*Directions*
Since the listing below shows pictures, leave them out and write out exactly the lines from the line with "Big azalea or rhododendron in city park, Herning - Denmark Big" to the line with "Shhh... feel the breath of spring", both included, and no others.

*Provided material*

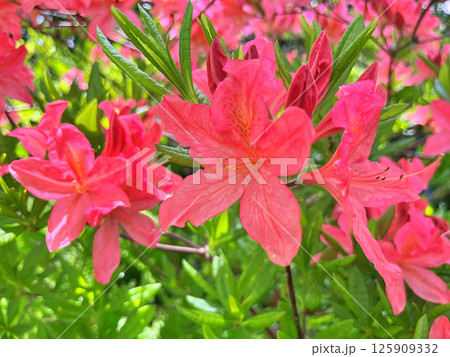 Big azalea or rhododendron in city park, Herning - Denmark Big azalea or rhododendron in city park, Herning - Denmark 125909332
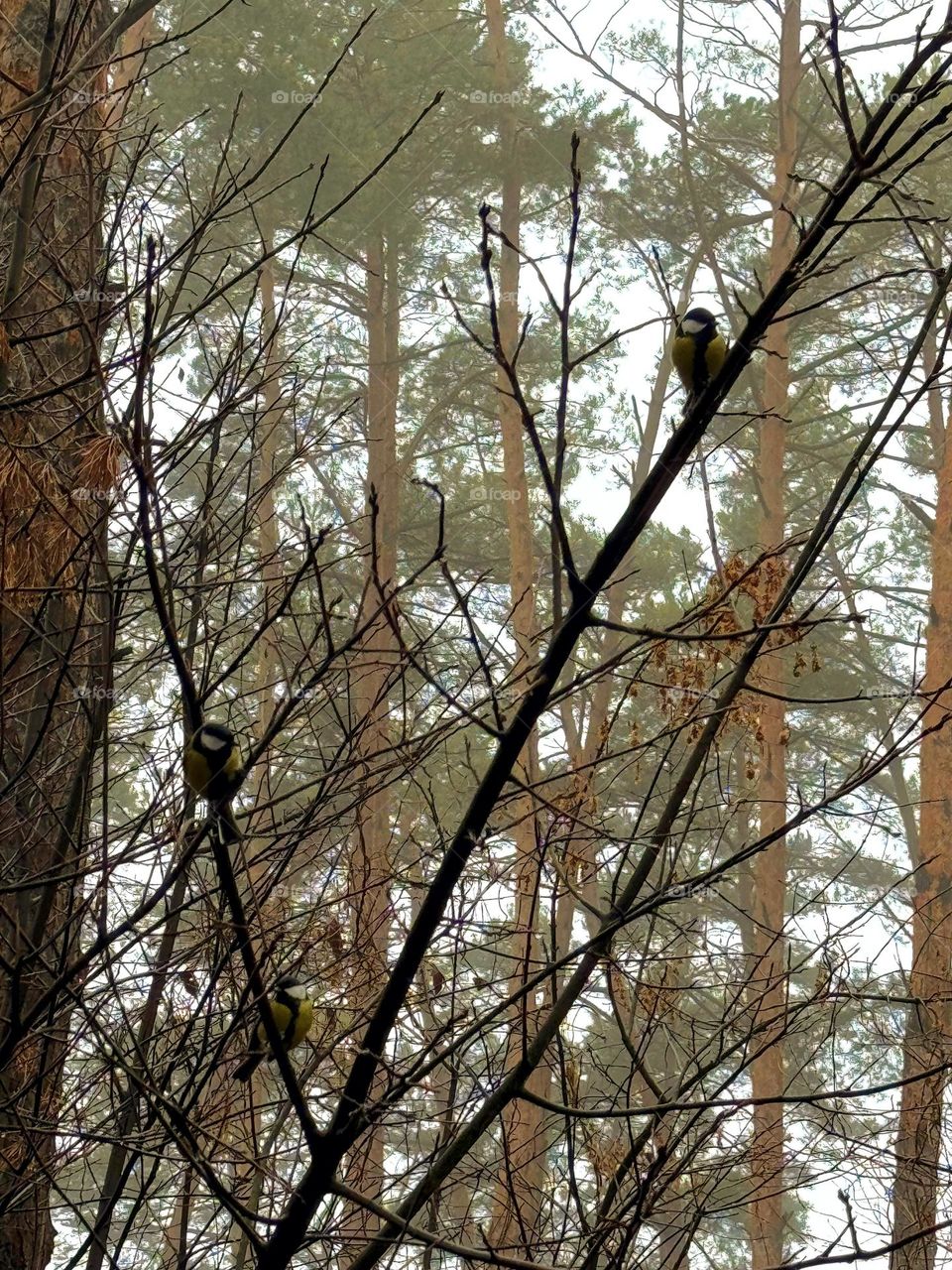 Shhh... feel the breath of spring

--

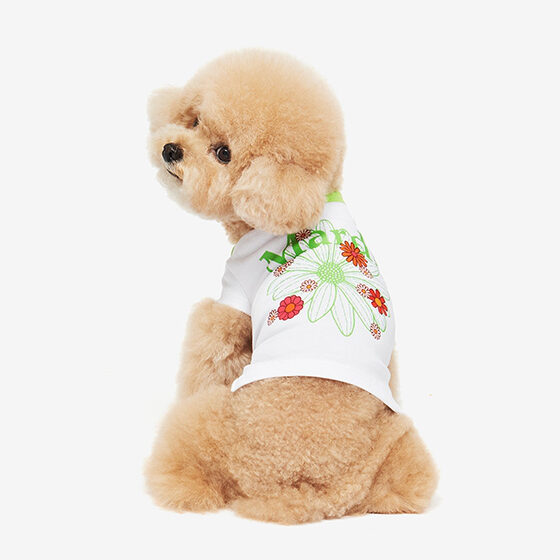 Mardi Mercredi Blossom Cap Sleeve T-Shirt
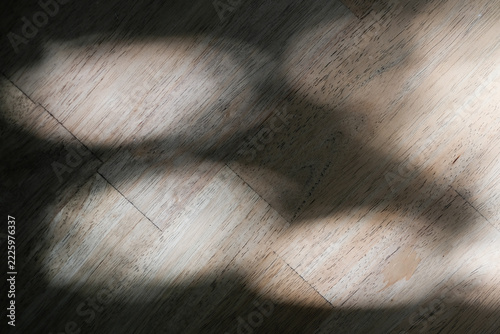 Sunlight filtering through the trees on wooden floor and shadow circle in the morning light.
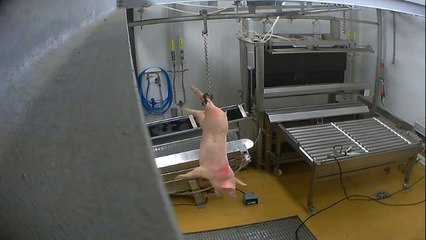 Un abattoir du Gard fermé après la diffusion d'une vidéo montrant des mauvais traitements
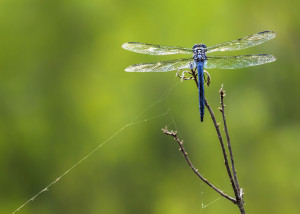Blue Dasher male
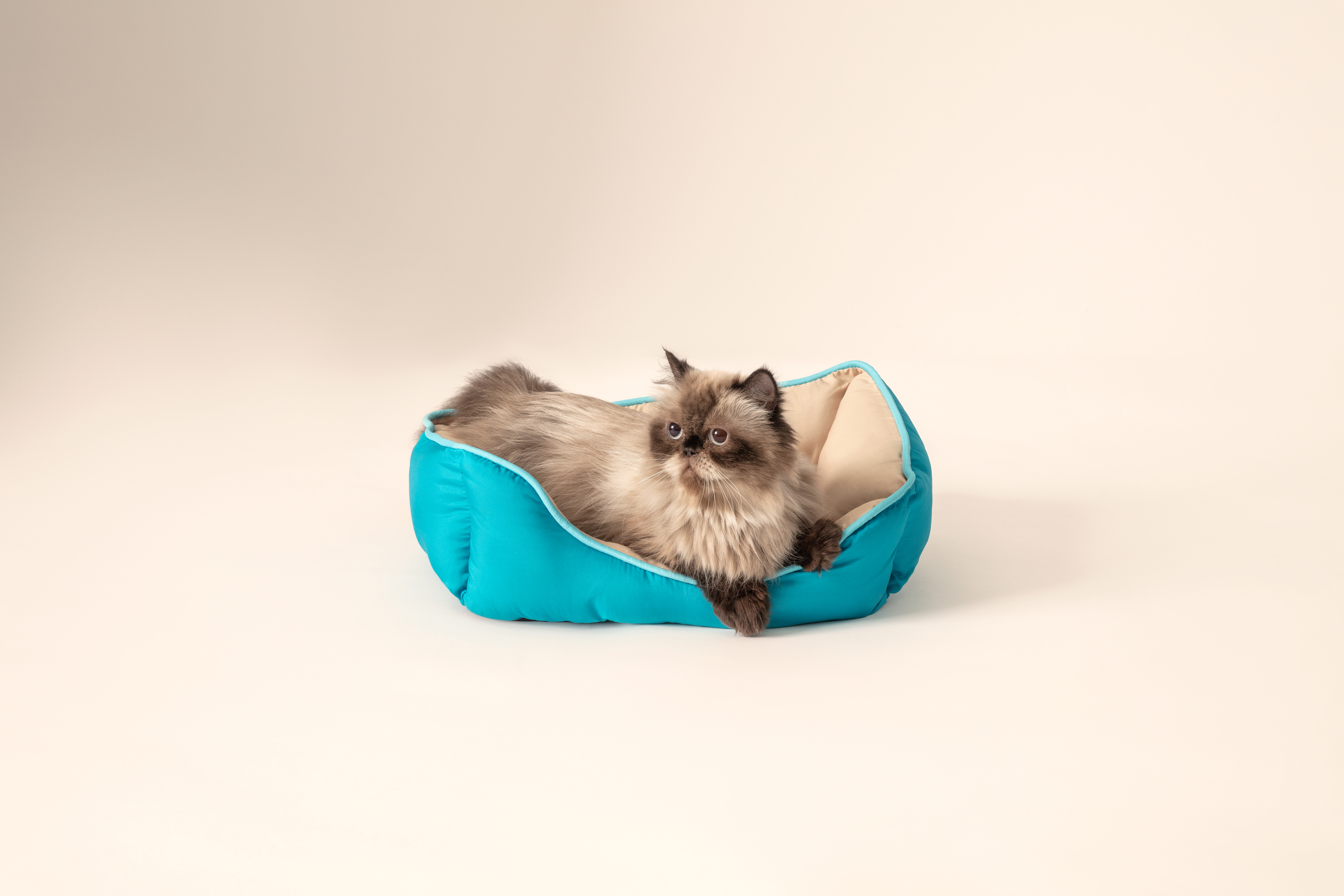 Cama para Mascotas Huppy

--

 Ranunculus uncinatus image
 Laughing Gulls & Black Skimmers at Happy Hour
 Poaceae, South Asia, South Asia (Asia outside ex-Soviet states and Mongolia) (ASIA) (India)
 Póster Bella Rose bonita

*Answer for the task*
 Big azalea or rhododendron in city park, Herning - Denmark Big azalea or rhododendron in city park, Herning - Denmark 125909332
 Shhh... feel the breath of spring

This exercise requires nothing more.